Write out every record below exactly as given. Leave the pictures out.

┄┄┄┄┄┄┄┄┄┄

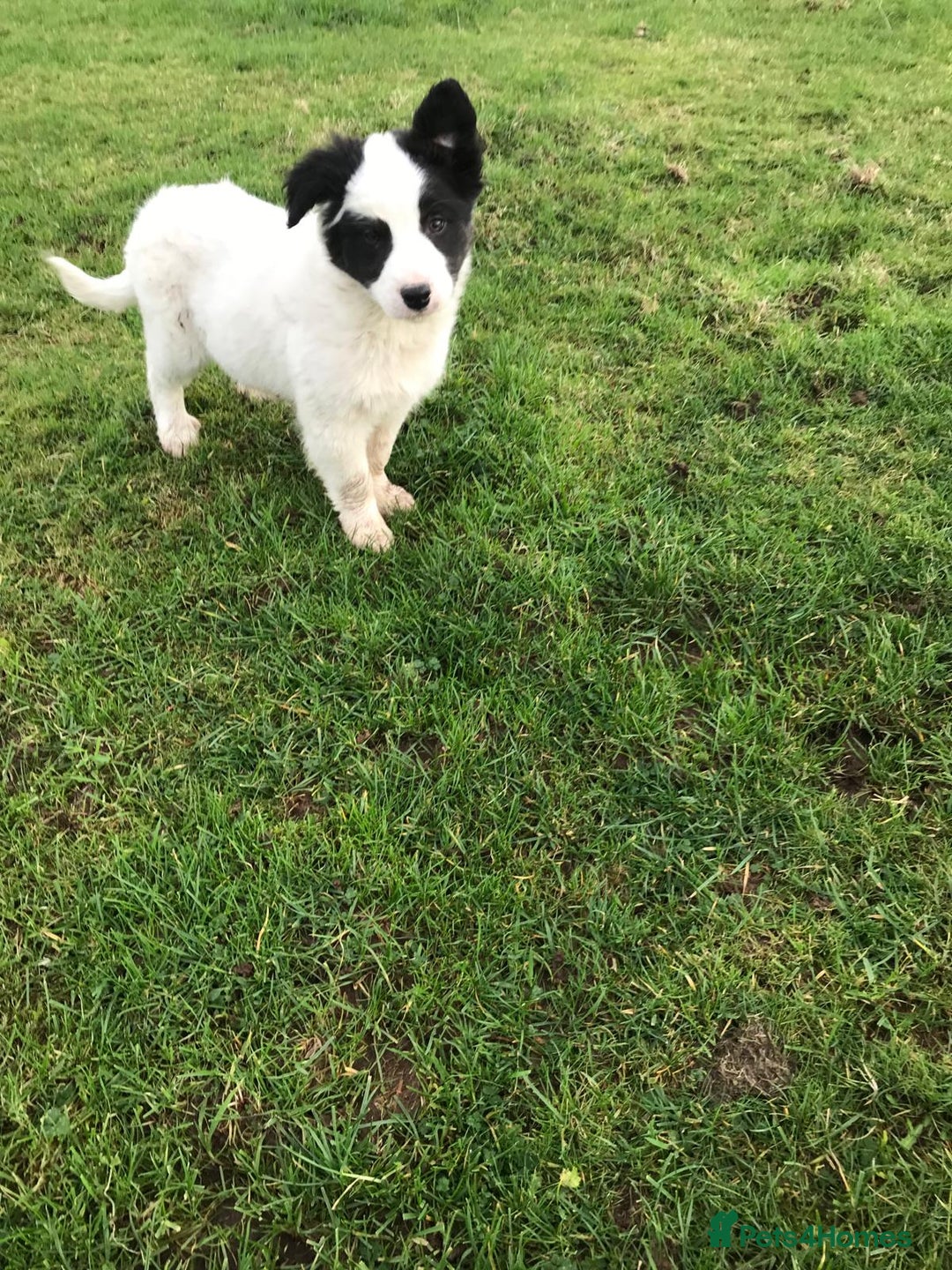 Border Collie dogs for sale: Border collie pups for sale  - Advert 4
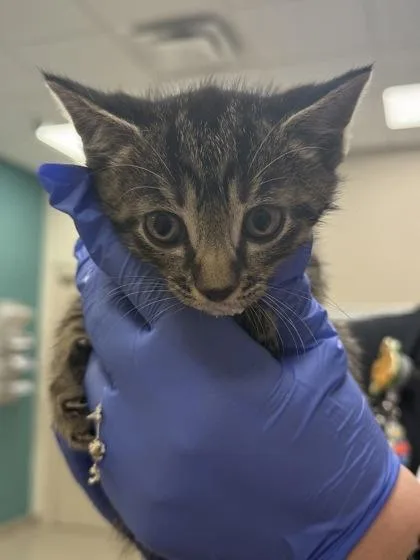 A baby small-sized male Domestic Short Hair cat named Steve for adoption in Fishers, IN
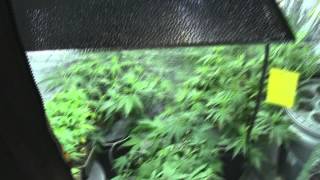 Silent But Dank Week 3ish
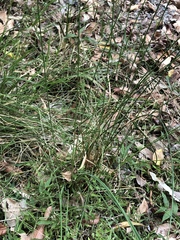Juncus usitatus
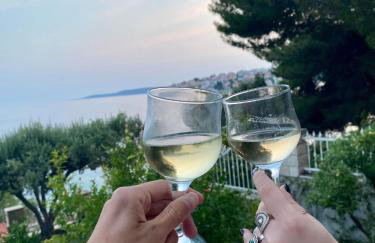 Luxury Seaside Villa with a classic Mediterranean Olive Garden, a fully equipped Professional Kitchen, Pool, Sauna, Padle Boards and Canoe - Miolin Beach House - Photo 79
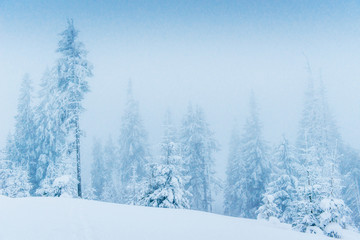 Fototapeta premium chalet in the mountains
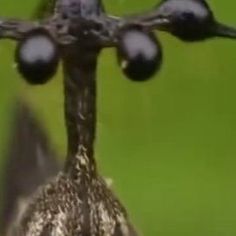 a blurry photo of some fruit hanging from a branch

┄┄┄┄┄┄┄┄┄┄

__Answer for this exercise__:
 Border Collie dogs for sale: Border collie pups for sale  - Advert 4
 A baby small-sized male Domestic Short Hair cat named Steve for adoption in Fishers, IN
 Silent But Dank Week 3ish
Juncus usitatus
 Luxury Seaside Villa with a classic Mediterranean Olive Garden, a fully equipped Professional Kitchen, Pool, Sauna, Padle Boards and Canoe - Miolin Beach House - Photo 79
 Fototapeta premium chalet in the mountains
 a blurry photo of some fruit hanging from a branch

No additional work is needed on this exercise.